You have to understand, the Stake President was quite a dogmatic conservative, very “letter-of-the-law” and I was stunned to hear something so “liberal” come out of his mouth. It was a beautiful expression of humility and dignity: a recognition that we could err, that we could make the wrong decision, that perhaps it was up to him alone to decide, but that the Lord would sustain it either way. Through all this uncertainty, the love of God would bear us up in our weaknesses.
Some members of the council said they had strongly felt the Spirit tell them it should be disfellowshipment, not excommunication, and in the end the Stake Presidency chose excommunication. But their personal revelations were subsumed in the superior authority of the President. And the council didn’t rebel. They didn’t even question. We could all sense the truth of the President’s message: that the most important thing was to come together in a unity of quorum and receive the Lord’s sustaining ratification of our humble effort to reach a united decision.

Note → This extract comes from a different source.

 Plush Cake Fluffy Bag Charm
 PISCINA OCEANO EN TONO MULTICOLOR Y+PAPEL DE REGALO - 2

My personal opinion is that in many cases like these, the Lord is often happy to sustain either decision. He might have a “best” option, but more than likely He wants us to make the decision ourselves and learn from its consequences. Both excommunication and disfellowshipment are paths that can eventually lead back to full fellowship, perhaps one longer and more difficult than the other. In one stake, an adulterer is excommunicated, in another stake he might be disfellowshiped for the same sin. Both are different paths that give variety to the Lord’s spiritual ways with his children. In the future, I could imagine the church moving away from excommunication all together as the brethren question its efficacy in the repentance process. I could also see them moving away from disciplinary councils in general, resorting to more private or anonymous councils to deal with issues.
However, I do sense that the Spirit ratifies today’s disciplinary process and that the Lord is pleased with the humility and devotion with which it is approached by the brethren. I came away from the experience with a stronger testimony of the priesthood and a greater trust in the leadership of the church. If the men on my Stake council are at all representative of the leadership of the church throughout the world, we are in good hands. Yes, they are conservative. Yes, they are a bit too dogmatic and black and white in my opinion. But many of them are humble, teachable, open to the Spirit, with an intense desire to do what is right. I believe it is this desire will keep our church on the right path.
- Have you ever had disagreements with priesthood leadership that you have abandoned in favor of unity? Did you feel right doing so?
- Have you had personal experiences with priesthood leadership that have given you insight into the spiritual direction of the church?